Se siete bloccati su una questione che richiede soluzioni "fuori dagli schemi", concedetevi il lusso di alcune notti di riposo. Che il sonno sia fondamentale per rafforzare apprendimento e creatività è un fatto noto, ma sul ruolo svolto dalle sue varie fasi ancora si discute. Ora una nuova ipotesi di ricerca, che sarà declinata nei prossimi cinque anni, propone che sonno REM (fase che si ripete diverse volte durante la notte ed è caratterizzata da movimenti rapidi degli occhi) e non-REM (composta da fasi di sonno leggero alternate a periodi di sonno profondo) lavorino insieme, e in modo complementare, per facilitare il pensiero creativo.
Come si tesse la tela. La teoria di Penny Lewis, neuroscienziata della Scuola di Psicologia dell'Università di Cardiff (Scozia), è illustrata sulla rivista Trends in Cognitive Sciences. «Immaginate di avere già tutti i ricordi che vi occorrono, ma di doverli ristrutturare - creare connessioni tra pensieri che non avevate collegato, integrare elementi che non avevate integrato», dice Lewis.
Vari studi indicano che queste relazioni inaspettate tra elementi noti possono spuntare più facilmente dopo una notte di sonno: Lewis ha analizzato la letteratura scientifica sul tema per elaborare un modello su come i diversi stadi del sonno contribuiscano al "miracolo".
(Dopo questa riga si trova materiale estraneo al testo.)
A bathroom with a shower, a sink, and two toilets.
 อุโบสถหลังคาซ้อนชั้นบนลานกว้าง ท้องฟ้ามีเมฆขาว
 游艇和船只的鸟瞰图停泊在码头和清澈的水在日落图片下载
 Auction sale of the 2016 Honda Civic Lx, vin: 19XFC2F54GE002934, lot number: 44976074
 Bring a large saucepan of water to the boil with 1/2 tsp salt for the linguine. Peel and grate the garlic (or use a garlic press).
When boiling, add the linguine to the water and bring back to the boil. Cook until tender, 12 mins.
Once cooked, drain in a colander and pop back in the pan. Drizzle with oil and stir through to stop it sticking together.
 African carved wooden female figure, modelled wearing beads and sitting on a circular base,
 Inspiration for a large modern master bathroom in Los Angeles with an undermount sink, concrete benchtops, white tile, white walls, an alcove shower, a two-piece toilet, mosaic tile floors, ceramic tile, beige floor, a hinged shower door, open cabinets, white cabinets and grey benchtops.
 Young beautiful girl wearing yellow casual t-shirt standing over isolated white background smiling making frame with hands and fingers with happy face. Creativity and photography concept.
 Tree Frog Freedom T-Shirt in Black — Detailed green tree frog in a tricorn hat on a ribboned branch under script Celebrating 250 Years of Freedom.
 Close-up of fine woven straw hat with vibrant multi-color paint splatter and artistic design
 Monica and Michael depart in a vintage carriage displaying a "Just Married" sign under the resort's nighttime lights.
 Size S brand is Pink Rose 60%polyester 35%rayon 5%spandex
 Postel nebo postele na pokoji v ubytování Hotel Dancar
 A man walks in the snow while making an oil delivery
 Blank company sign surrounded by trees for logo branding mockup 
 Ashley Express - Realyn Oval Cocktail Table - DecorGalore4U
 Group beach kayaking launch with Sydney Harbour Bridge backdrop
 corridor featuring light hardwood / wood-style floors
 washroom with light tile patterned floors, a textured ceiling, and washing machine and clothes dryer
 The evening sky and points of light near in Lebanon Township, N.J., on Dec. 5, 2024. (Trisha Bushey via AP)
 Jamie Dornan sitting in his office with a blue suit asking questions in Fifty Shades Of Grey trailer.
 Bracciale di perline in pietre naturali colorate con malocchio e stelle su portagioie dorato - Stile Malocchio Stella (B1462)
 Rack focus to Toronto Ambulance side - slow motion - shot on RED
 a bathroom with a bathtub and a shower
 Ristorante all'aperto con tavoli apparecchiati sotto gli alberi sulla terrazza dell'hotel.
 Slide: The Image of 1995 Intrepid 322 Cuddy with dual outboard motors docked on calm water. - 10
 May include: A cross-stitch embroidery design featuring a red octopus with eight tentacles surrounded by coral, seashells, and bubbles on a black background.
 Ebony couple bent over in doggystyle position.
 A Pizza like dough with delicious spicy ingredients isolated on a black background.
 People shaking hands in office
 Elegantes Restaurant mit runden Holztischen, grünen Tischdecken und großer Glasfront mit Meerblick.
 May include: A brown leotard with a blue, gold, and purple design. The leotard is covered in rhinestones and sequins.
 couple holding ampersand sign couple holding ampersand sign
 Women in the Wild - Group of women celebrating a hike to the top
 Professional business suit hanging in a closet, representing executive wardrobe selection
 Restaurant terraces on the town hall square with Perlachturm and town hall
File ben etichettati. In base al modello, il sonno non-REM ha il compito di organizzare le informazioni in categorie utili; quello REM, di aiutarci a vedere oltre queste categorie, per creare connessioni originali. Quando ci addormentiamo entriamo nel sonno non-REM, che include una fase più leggera estesa per gran parte della notte, più una fase di torpore profondo - il sonno a onde lente - in cui milioni di neuroni si attivano simultaneamente: in questa fase, facciamo più fatica a svegliarci, e se avviene, ci sentiamo particolarmente disturbati.
Studi passati hanno proposto che in questo stadio l'ippocampo (una struttura cerebrale fondamentale per apprendimento e memoria) ripropone i ricordi accumulati durante il giorno, e quando questi presentano somiglianze con le nostre conoscenze pregresse, lasciano traccia nella neocorteccia (lo strato più esterno del cervello, evolutosi più di recente, deputato a funzioni cognitive superiori).
In questa fase, ippocampo e neocorteccia lavorano a braccetto: secondo Lewis, il primo riesce in qualche modo a controllare i ricordi da riproporre, prediligendo quelli tematicamente legati, o dal contesto affine, categorizzabili con le stesse etichette. La neocorteccia è quindi sollecitata a seguire questi schemi ben organizzati.
Dopo l'ordine, il caos. Nella fase REM (la fase più tradizionalmente accompagnata da sogni), al contrario, ippocampo e corteccia non sembrano collaborare: entrambi sono in uno stato estremamente flessibile, in cui si possono formare nuove connessioni neurali o in cui quelle presenti si possono rafforzare o indebolire.
Se nella fase precedente i neuroni lavoravano come in un "coro", in questa si assiste a una vera e propria cacofonia, nella quale, però, si possono distinguere alcuni accordi inaspettatamente piacevoli.
La neocorteccia è libera di proporre ricordi in combinazioni diverse, indipendentemente dalla somiglianza. Può capitare che tra concetti che apparentemente non sono in relazione tra loro, come per esempio "Sistema Solare" ed "elettroni", si trovino somiglianze inaspettate: nascono così idee geniali e soluzioni fuori dagli schemi (come, per seguire l'esempio portato da Lewis, il modello atomico proposto da Earnest Rutherford, ispirato appunto alla struttura del Sistema Solare).
Secondo alcune teorie, i sogni non sono altro che una manifestazione conscia di questi processi di categorizzazione, associazione, rivoluzione e trasformazione di ricordi. In sostanza, il cervello "guarda se stesso", mentre manipola tracce mnemoniche.
Alcune parti del modello sono suffragate da evidenze sperimentali, altre meno: scopo della Lewis è esplicitare il più possibile l'affascinante ipotesi, affinché possa essere testata con studi scientifici.